A game, in the context of mathematical learning and teaching, is an activity whose strategies, rules and outcomes are aimed at achieving understanding of mathematical concepts. According to Gough (2004), a game is supposed to have more than one player who takes turns to compete against each other so that they can achieve a winning of some sort. For a game to have some mathematical value, the players have to exercise choice in the playing. Winning should not be by chance but through the player using some skills. Gough (2004) and Burns (2009) developed a number of games to help teach mathematical concepts. The games include races, board games, spatial strategy games, numerical strategy games, four strikes, seven up, 101 and out, target 300 and others. These games were meant to improve mathematical skills of students through playing. For instance, Four Strikes is meant to develop mathematical reasoning in students where they learn to make reasoned out guesses.
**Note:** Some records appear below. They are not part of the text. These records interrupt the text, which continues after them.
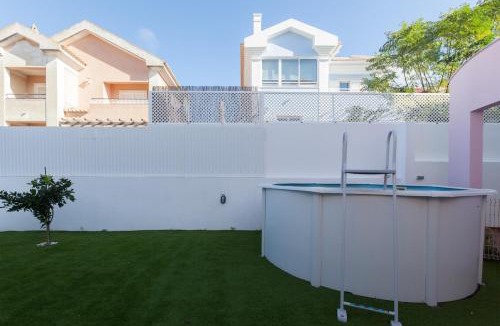 Charneca de Caparica e Sobreda House | FLH Caparica Town House with Pool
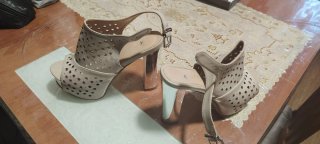 Sandalias Beige y Plateadas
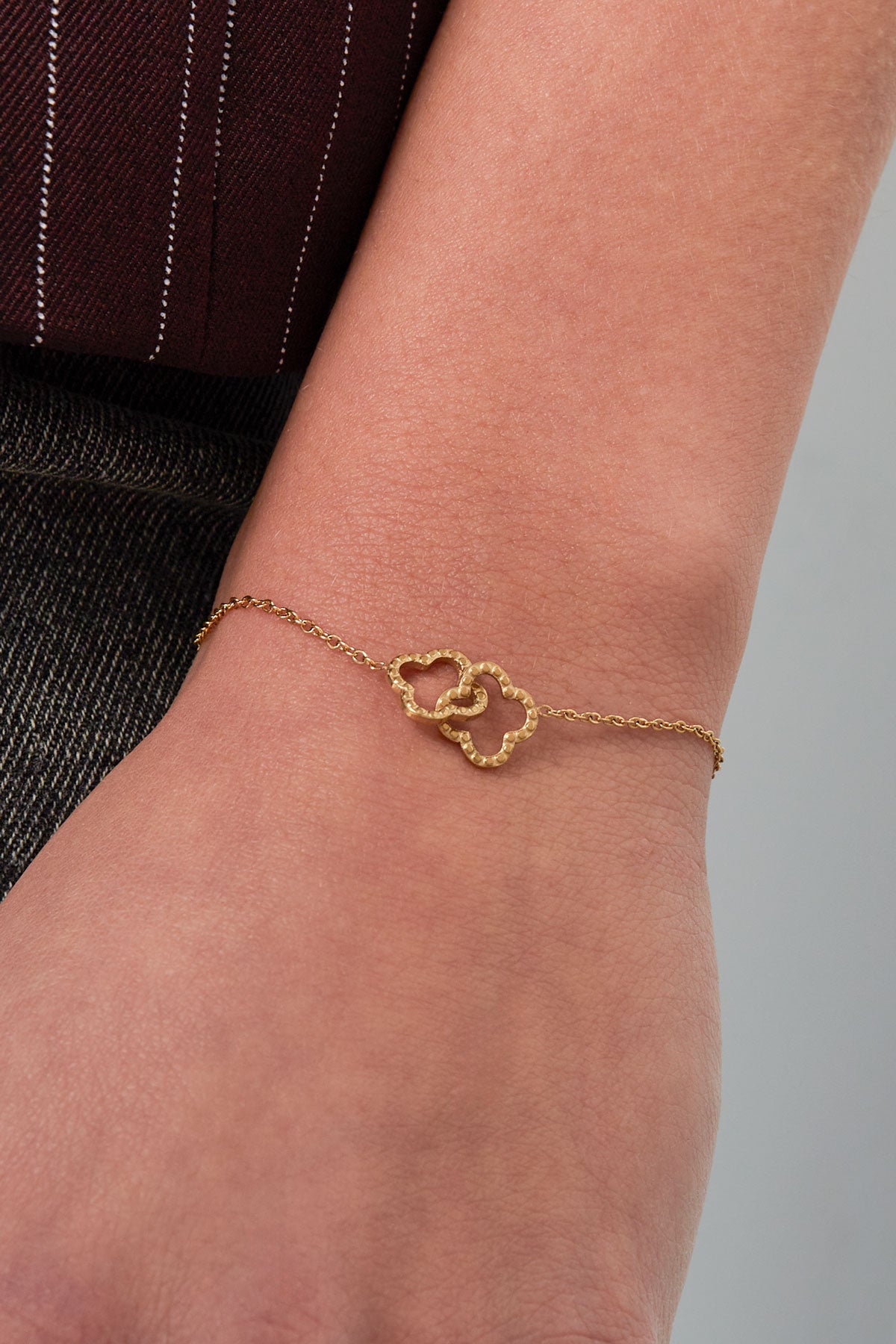 pulsera de la suerte enlazada
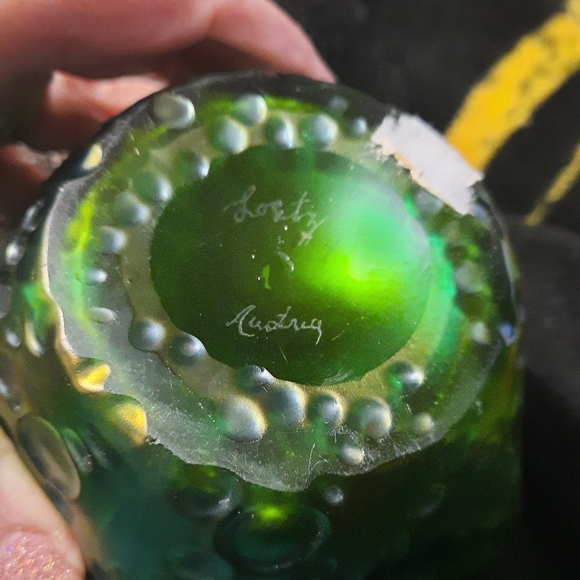 Loetz Austria Signed Green Iridescent Diaspora Glass - Picture 4 of 6
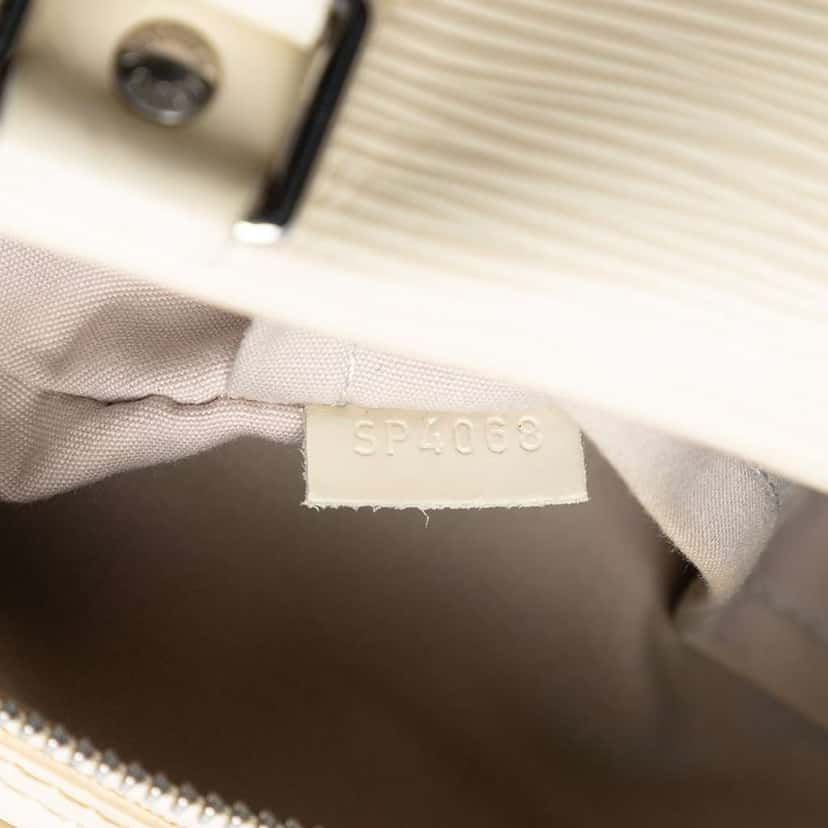 Louis Vuitton Epi Speedy 35 White Leather Good condition - Box View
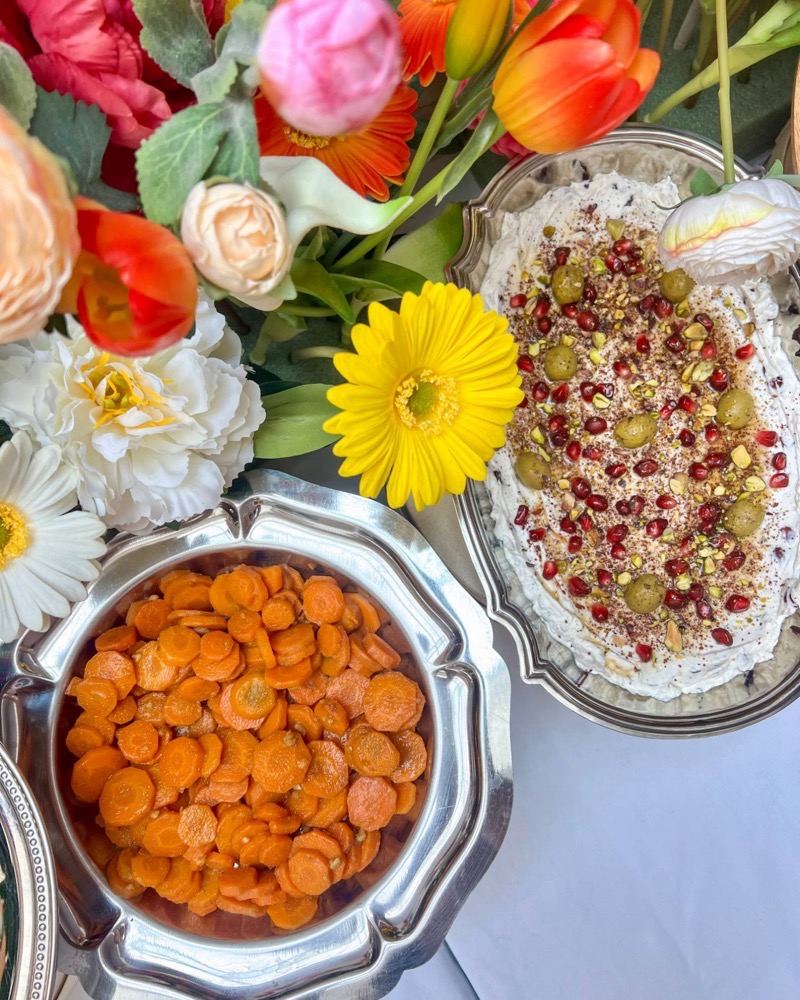 Salade de carottes à la marocaine & Labneh crémeux au zaatar, grenade & pistaches, buffet Le Cocktail Dînatoire Entre L à Aix-en-Provence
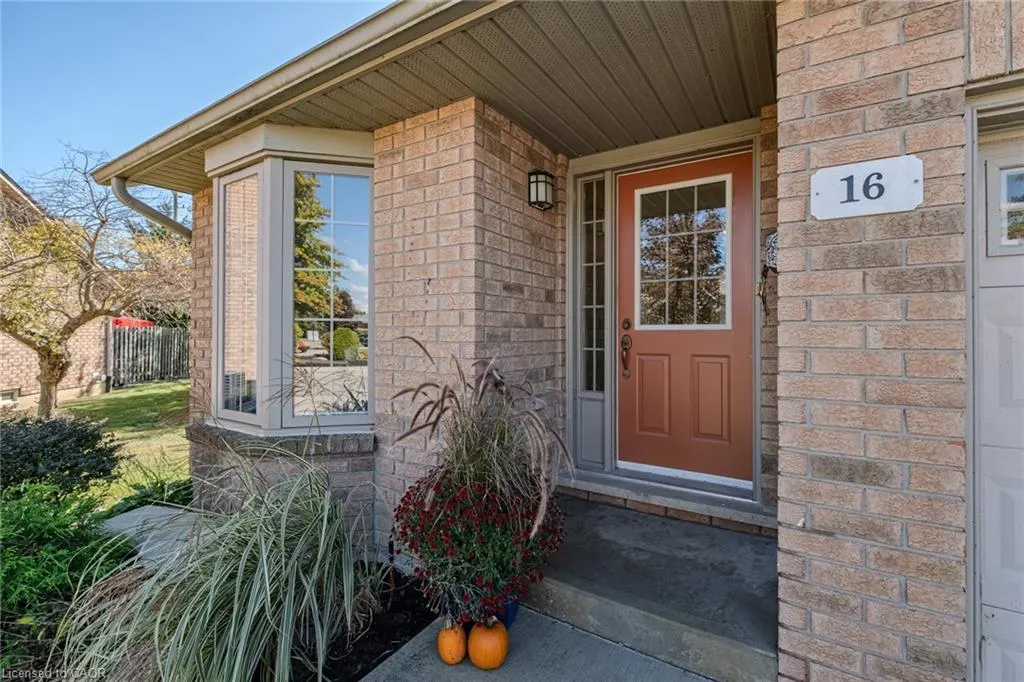 19 Somerset Drive, #16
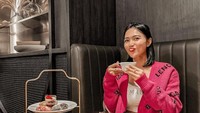 Wika Salim adalah penyanyi sekaligus foodies yang hobi kulineran. Dirinya menikmati tea time yang elegan dengan beberapa kue sebagai pendampingnya. Foto: Instagram/wikasalim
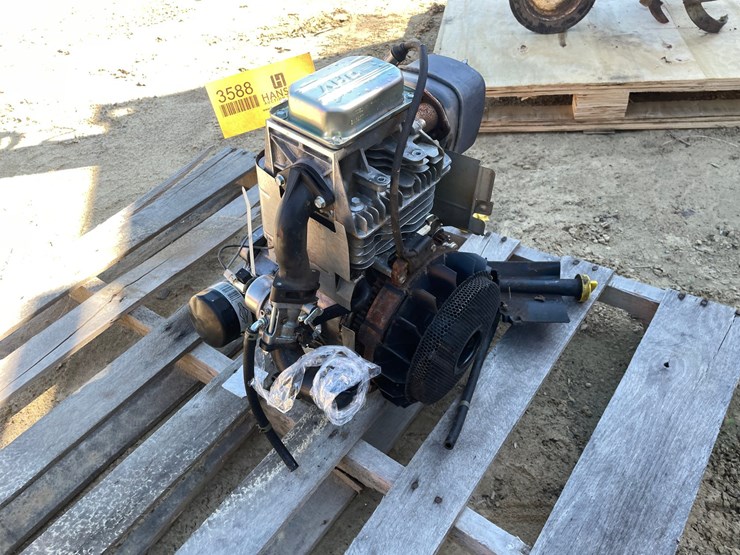 #3588-•-motor-off-of-a-dr-brush-mower-image-3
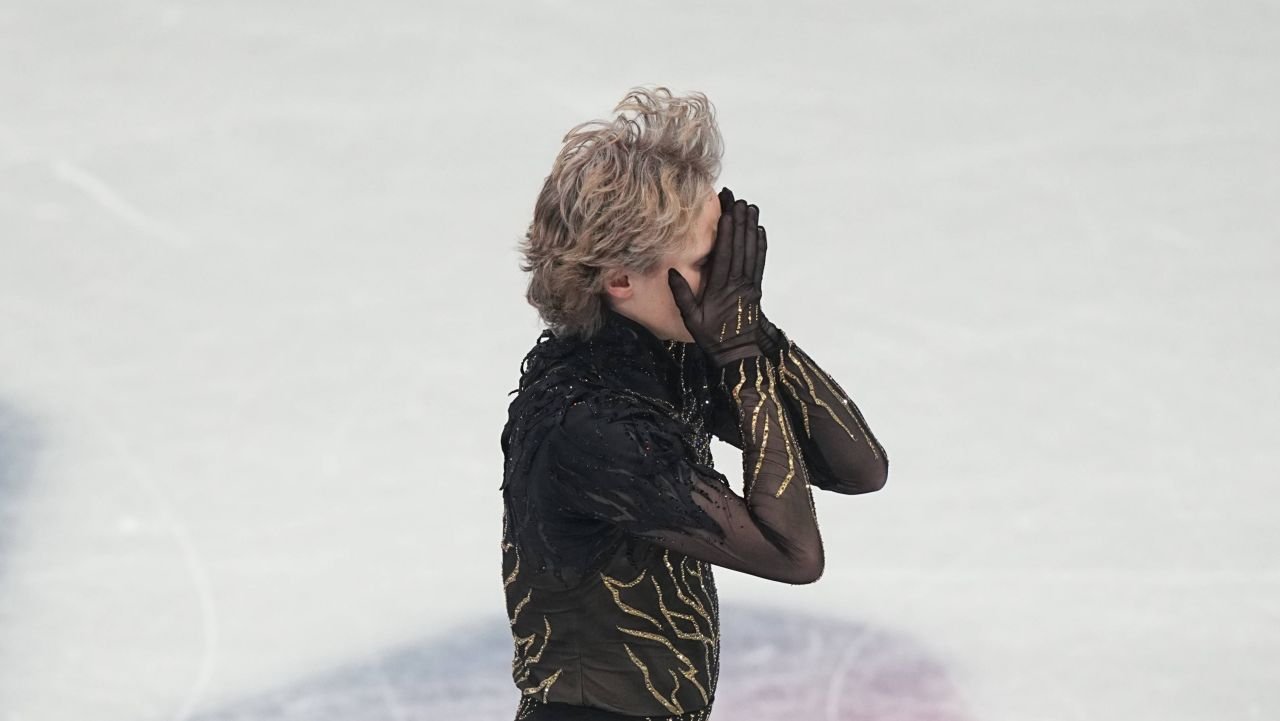 Jocurile Olimpice de Iarnă: Surprize și Emoții pe Pârtiile din Beijing Startul Jocurilor Olimpice de iarnă 2022, desfășurate în Beijing, a adus cu sine o atmosferă captivantă, plină de momente neprevăzute și de performanțe memorabile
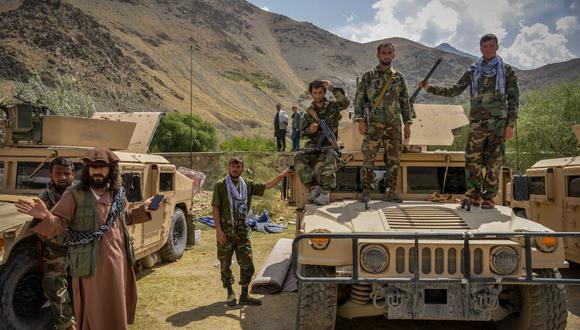 Hombres armados afganos que apoyan a las fuerzas de seguridad contra los talibanes se colocan con sus armas y vehículos Humvee en la provincia de Panjshir el 19 de agosto de 2021. (Ahmad SAHEL ARMAN / AFP).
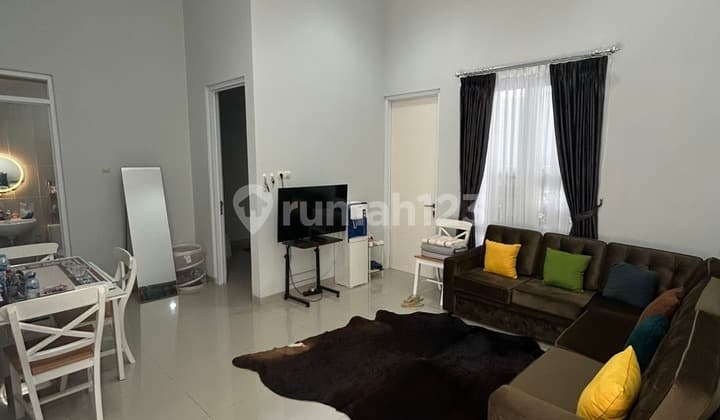 Dijual Rumah Siap Pakai di Cherry Field Bandung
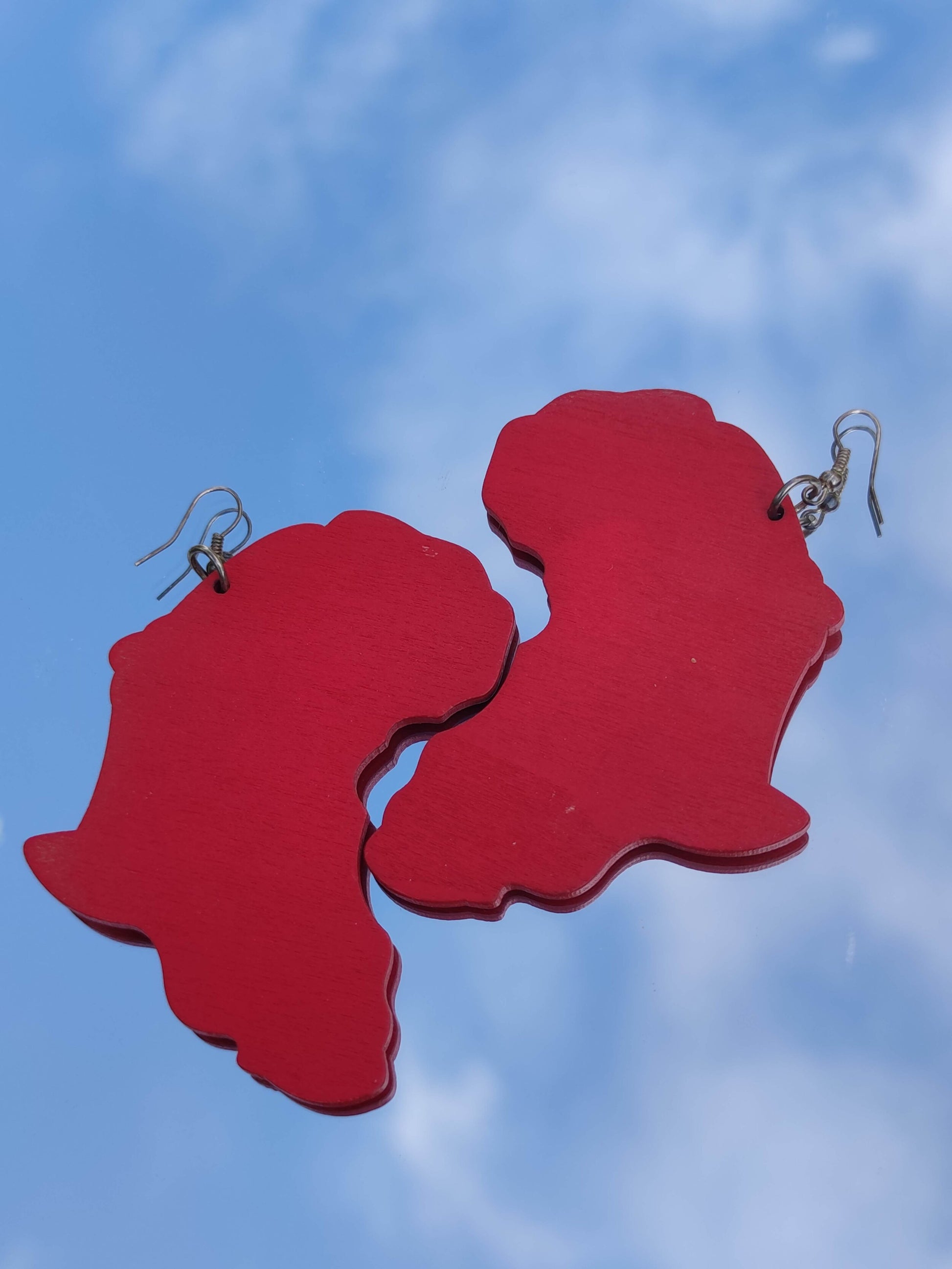 Grandes boucles d'oreilles en bois rouge Afrique continent africain bijou afrocentrique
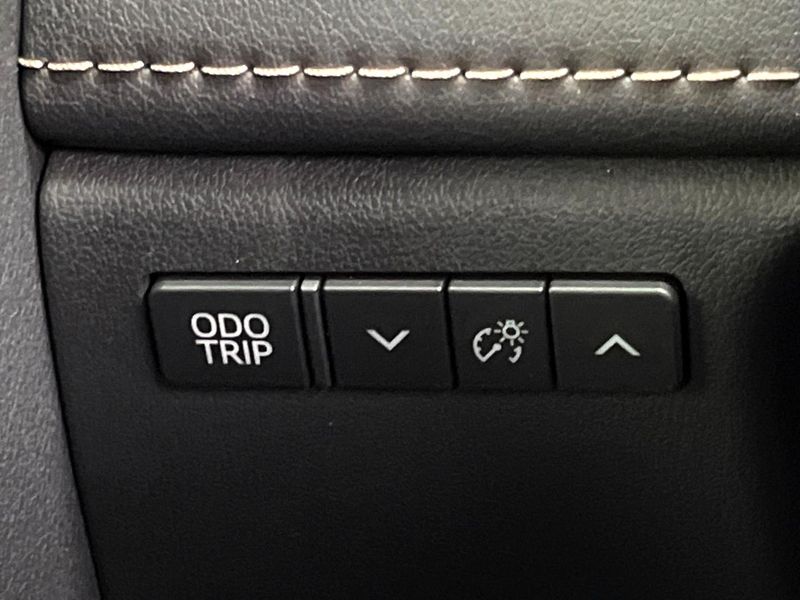 2023 Toyota Alphard Hybrid 6AA-AAHH40W (UW-6aadfb9b321c3)[17]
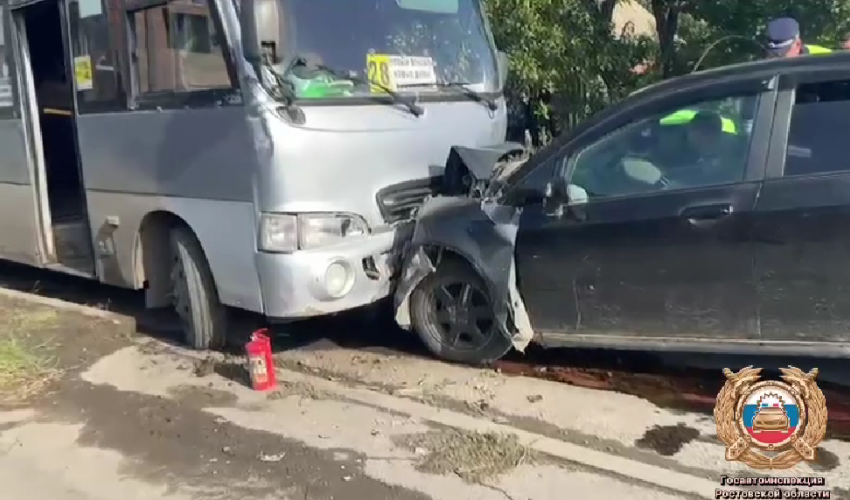 Четверо пострадавших: в Таганроге 75-летний водитель врезался в маршрутку на встречке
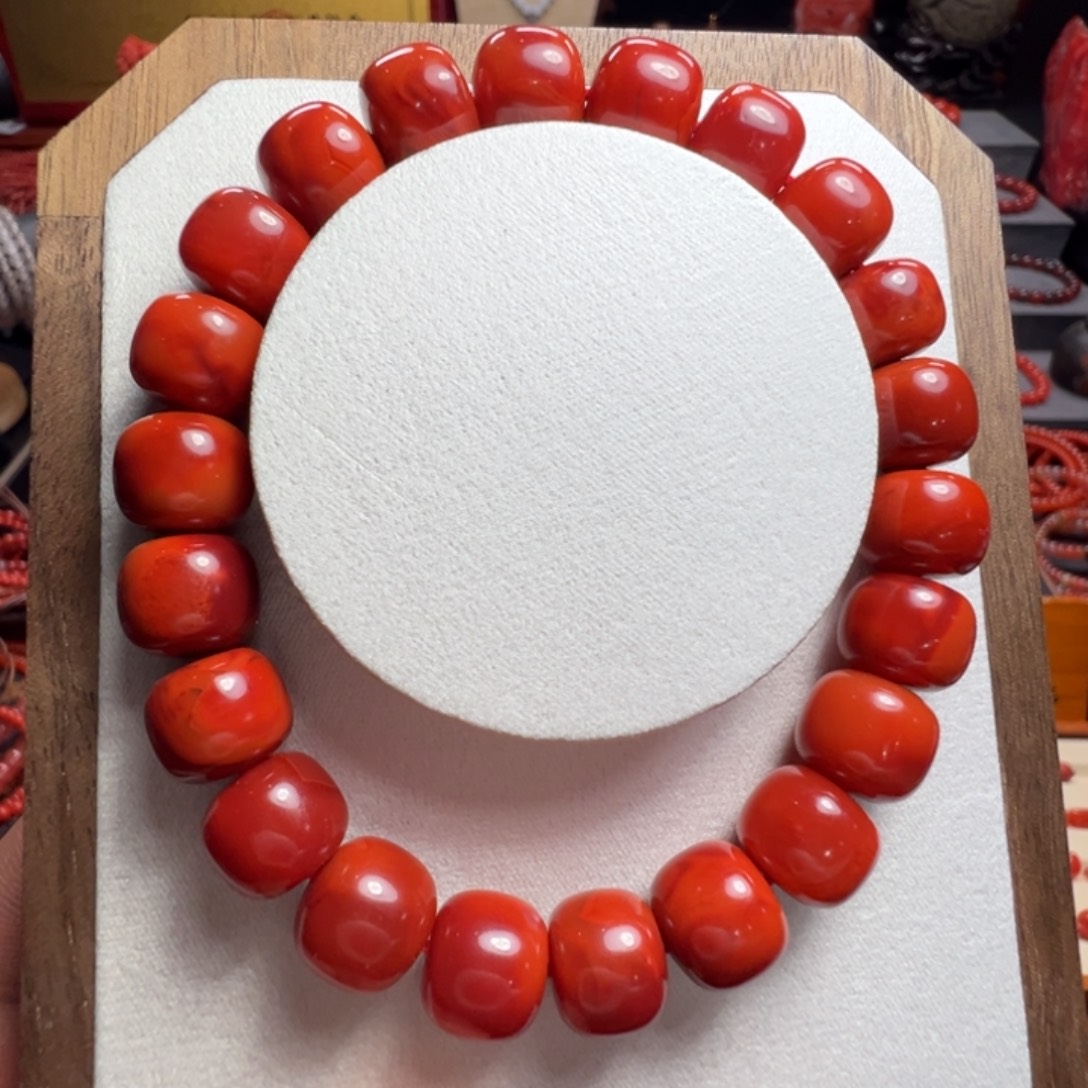 南红玛瑙未镶嵌柿子锦红底色牛血火焰纹老型手10+全品无裂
Another game, the 101 and out is used to develop mental computation skills. It also enhances understanding of place values. Basic strategy games, on the other hand, can be used to develop investigative skills among learners. This is because this game is basically about players trying to discover winning strategies. This is done by players analyzing the possible outcome of a move or moves (Burns, 2009). Basically, most mathematical games are aimed at developing fast computation skills in students, mathematical reasoning, general mathematical skills involving multiplication, addition, division and subtraction, analyzing skills, investigative skills and problem solving skills.

In order to suit age and ability, mathematical games are adjusted in terms of complexity. For instance, the Four Strikes can be adjusted by including long numbers (Gough, 2004). This makes experienced players to find new challenges. The most appropriate games that can enhance development of mathematical skills include the Four Strikes, 101 and out, basic strategy game and board games.


Burns, M. (2009). Win win math games. Instructor March/April pp. 23-29.

Gough, J. (2004). Playing mathematical games: When is a game not a game? In L. Sparrow & P. Swan (Eds.) APM selected writings (pp. 189-193). Adelaide: AAMT.